Saved entries
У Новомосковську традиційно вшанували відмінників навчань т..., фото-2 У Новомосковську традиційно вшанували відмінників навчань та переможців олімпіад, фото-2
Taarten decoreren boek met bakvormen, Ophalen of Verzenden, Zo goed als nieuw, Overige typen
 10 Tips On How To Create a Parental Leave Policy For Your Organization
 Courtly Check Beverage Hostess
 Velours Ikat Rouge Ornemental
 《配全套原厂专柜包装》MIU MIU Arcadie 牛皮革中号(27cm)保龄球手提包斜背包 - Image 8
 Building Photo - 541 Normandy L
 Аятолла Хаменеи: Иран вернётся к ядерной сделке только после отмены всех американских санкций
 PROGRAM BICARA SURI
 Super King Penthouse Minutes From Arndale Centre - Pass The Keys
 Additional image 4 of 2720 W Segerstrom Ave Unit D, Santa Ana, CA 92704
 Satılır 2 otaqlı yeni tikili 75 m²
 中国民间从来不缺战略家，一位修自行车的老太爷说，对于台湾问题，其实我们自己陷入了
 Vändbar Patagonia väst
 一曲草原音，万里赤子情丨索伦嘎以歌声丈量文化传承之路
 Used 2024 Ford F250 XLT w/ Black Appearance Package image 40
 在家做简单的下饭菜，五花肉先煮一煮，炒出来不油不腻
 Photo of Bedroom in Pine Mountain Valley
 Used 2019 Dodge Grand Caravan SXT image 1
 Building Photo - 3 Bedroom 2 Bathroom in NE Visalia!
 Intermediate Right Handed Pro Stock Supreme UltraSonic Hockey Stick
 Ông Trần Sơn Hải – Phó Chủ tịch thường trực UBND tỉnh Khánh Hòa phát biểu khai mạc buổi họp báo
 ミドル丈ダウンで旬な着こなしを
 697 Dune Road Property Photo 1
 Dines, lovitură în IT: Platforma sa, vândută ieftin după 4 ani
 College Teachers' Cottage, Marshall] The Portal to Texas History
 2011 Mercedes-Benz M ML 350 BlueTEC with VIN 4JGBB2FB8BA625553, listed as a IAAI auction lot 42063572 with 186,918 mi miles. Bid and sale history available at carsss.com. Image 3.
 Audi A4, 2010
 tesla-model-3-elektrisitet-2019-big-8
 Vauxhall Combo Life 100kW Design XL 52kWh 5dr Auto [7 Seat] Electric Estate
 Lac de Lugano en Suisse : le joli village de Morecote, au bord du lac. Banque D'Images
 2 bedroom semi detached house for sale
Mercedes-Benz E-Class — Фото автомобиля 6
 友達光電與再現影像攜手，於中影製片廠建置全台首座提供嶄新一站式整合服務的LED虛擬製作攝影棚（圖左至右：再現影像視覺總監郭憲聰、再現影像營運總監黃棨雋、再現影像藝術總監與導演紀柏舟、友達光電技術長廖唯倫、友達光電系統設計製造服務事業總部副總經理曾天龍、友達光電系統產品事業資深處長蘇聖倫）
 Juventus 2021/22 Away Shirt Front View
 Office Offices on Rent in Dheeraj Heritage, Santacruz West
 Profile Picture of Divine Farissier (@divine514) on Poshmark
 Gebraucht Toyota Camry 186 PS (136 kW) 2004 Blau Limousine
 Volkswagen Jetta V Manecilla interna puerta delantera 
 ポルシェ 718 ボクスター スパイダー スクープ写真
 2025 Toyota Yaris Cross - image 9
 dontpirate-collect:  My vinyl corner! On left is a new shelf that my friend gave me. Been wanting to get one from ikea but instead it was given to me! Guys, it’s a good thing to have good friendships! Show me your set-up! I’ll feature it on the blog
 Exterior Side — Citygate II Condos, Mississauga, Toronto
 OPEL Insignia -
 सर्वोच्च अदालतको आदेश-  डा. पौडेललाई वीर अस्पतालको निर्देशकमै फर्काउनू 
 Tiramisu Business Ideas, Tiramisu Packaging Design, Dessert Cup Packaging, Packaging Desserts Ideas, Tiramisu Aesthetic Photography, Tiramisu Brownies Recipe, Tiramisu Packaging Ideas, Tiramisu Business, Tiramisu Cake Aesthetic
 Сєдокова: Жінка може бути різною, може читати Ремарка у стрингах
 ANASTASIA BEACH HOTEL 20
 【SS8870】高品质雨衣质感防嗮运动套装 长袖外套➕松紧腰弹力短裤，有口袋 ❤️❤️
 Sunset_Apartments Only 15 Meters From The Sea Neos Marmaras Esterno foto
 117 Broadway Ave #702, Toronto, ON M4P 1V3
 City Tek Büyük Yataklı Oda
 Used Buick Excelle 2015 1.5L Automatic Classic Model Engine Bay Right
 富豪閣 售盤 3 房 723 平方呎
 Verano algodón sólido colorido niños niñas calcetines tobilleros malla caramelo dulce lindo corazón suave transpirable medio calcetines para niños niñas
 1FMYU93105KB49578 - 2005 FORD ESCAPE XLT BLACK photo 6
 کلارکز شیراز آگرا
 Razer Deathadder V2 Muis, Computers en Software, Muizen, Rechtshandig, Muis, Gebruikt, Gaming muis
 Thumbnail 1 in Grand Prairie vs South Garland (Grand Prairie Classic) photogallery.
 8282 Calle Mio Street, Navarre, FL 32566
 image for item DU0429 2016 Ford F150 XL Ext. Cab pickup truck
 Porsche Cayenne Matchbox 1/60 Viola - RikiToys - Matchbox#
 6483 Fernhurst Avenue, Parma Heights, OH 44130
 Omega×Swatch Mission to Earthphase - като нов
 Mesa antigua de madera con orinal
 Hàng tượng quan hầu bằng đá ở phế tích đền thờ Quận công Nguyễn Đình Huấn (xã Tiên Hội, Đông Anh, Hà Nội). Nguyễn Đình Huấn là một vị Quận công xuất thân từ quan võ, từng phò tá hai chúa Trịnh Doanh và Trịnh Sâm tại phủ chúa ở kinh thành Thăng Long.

## Problem to solve
Among the records above, extract exactly the lines from the line with "Sunset_Apartments Only 15" to the line with "富豪閣 售盤 3 房 723 平方呎", both lines included, and leave out the rest.

## Answer section
 Sunset_Apartments Only 15 Meters From The Sea Neos Marmaras Esterno foto
 117 Broadway Ave #702, Toronto, ON M4P 1V3
 City Tek Büyük Yataklı Oda
 Used Buick Excelle 2015 1.5L Automatic Classic Model Engine Bay Right
 富豪閣 售盤 3 房 723 平方呎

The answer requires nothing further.